インマルサット衛星(注1)を使うことにより2018年までにIrisシステムは陸海を問わず緯度、経度、高度と時間情報の4次元での航空機追尾(4D追尾)が可能になる。強力なデータリンクによって航空機の飛行を地上で常に監視することで、空の旅の安全性が向上しMH370のような事故はなくすことができる。

 

(注1)英国企業が運営する全地球衛星通信網。MH370がレーダーから消えた後もインマルサット衛星データリンクが動作し、地上にデータを送信した。

 

 

またこれにより航空会社の運行担当者、エアライン、地上管制官の負担を減らして効率の良い航空機運行支援が可能となる。
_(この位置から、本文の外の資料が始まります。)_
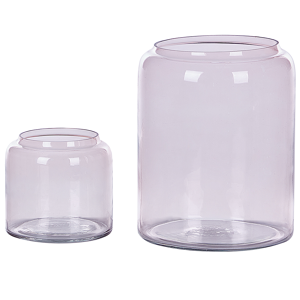beliani set di 2 vasi di fiori in vetro rosa colorato trasparente decorativo accessorio rosa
2016年11月のESAと民間航空会社との連携協定でIrisシステムにインマルサット通信衛星が加わり4D追尾が可能になる。

 

航空機追尾により航空機運行スケジュール管理の精度が向上するので、運行効率化と安全性向上につながる。しかし衛星の機能を発揮させるためには、衛星本体の機能だけではなく4D追尾情報通信に強力なデータリンク能力や地上管制とパイロット間交信システム(CPDLCやADS-C)の支援が必要になる。ADS-Cは航空機のデータを定時送信する機能で、FANS 1Aと呼ぶ次世代ナビゲーデョン基準に対応した機体で採用される。

 

 

2014年夏に基地国際通信連合(ITU)は地球規模飛行管制の実現を働きかけ、2015年の国際無線通信会議で航空機情報通信に特別の周波数帯が割り振られた。周波数帯の割り振りは必ずしもスムースに認められたものではなかったが、インマルサット衛星(下図)の利用で全地球航空管制は試行できる見通しとなった。より長期的な衛星支援Irisシステムも欧州宇宙局のANTARES Phase B計画に組み込まれる予定である。